Re: Dataset metadata best practices

Good question, Alan.

I would consider best practice to make the metadata available as both a file and in the endpoint, if there is one.
That is what we do at the rkbexplorer.com sites, such as http://ibm.rkbexplorer.com/
(We also make the semantic sitemap available, but I am guessing no-one reads that any more!)

However, I can see that some people might be uncomfortable with putting the void data into the store, since it has different provenance and possibly licence and other attributes.
That is, for example, if there is a restricted licence on the endpoint, then the void metadata would only get that licence, whereas it is likely that a publisher would want a very liberal licence on the void data, since it drives traffic to the dataset.
Putting it at a separate place (as well?), allows that distinction.

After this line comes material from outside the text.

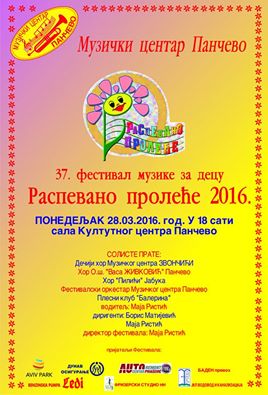 rasp prolece plakat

There is also a difficulty in the process - for example, if the void description includes the number of triples, then does the number of triples include the void description triples? If so, then calculating the accurate number of triples for the final store (once the void description has been loaded) becomes more interesting :-)
I would never let anything like that worry me, though :-)

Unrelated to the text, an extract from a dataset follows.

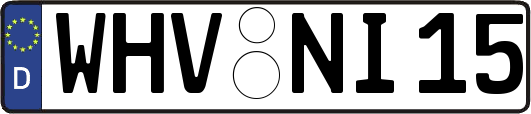 WHV-NI15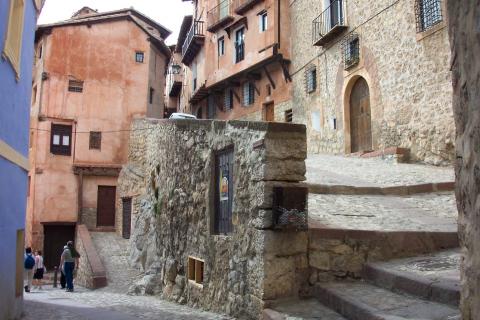 image Subida a la catedral de Albarracín, Teruel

For those who haven't seen it, I can remind you that we have a store at
http://void.rkbexplorer.com
which, although rather old, does have quite a lot of void document in it.

Best
Hugh

> On 15 Mar 2017, at 14:23, Alan Meehan <meehanal@scss.tcd.ie> wrote:
> 
> Hi all,
> 
> From reading a bit into dataset meta-data publication and looking at some datasets on Datahub, a "best practice" if you will, is to publish meta-data (according to a specific vocabulary - void, dcat, dataID etc.) as a seperate file along with a dataset.
> 
> I have noticed (and I could be wrong) that few datasets also directly include this meta-data in say the dump file of the dataset provided. I realise that if I want to query the dataset plus the meta-data that I could just download and load the dataset set dump and meta-data file into a local triple store. However, what If I want to query data from a public sparql endpint and this meta-data is not there? For example, the DBpedia 2016-04 release includes a DataID meta-data file on its download page, but this meta data is not in the public sparql endpoint.
> 
> So I am just wondering from the LOD community - is there a relucance to publish meta-data in this way or any disadvantage to doing so?
> 
> Thank you,
> Alan
> 
> 

Received on Wednesday, 15 March 2017 15:00:48 UTC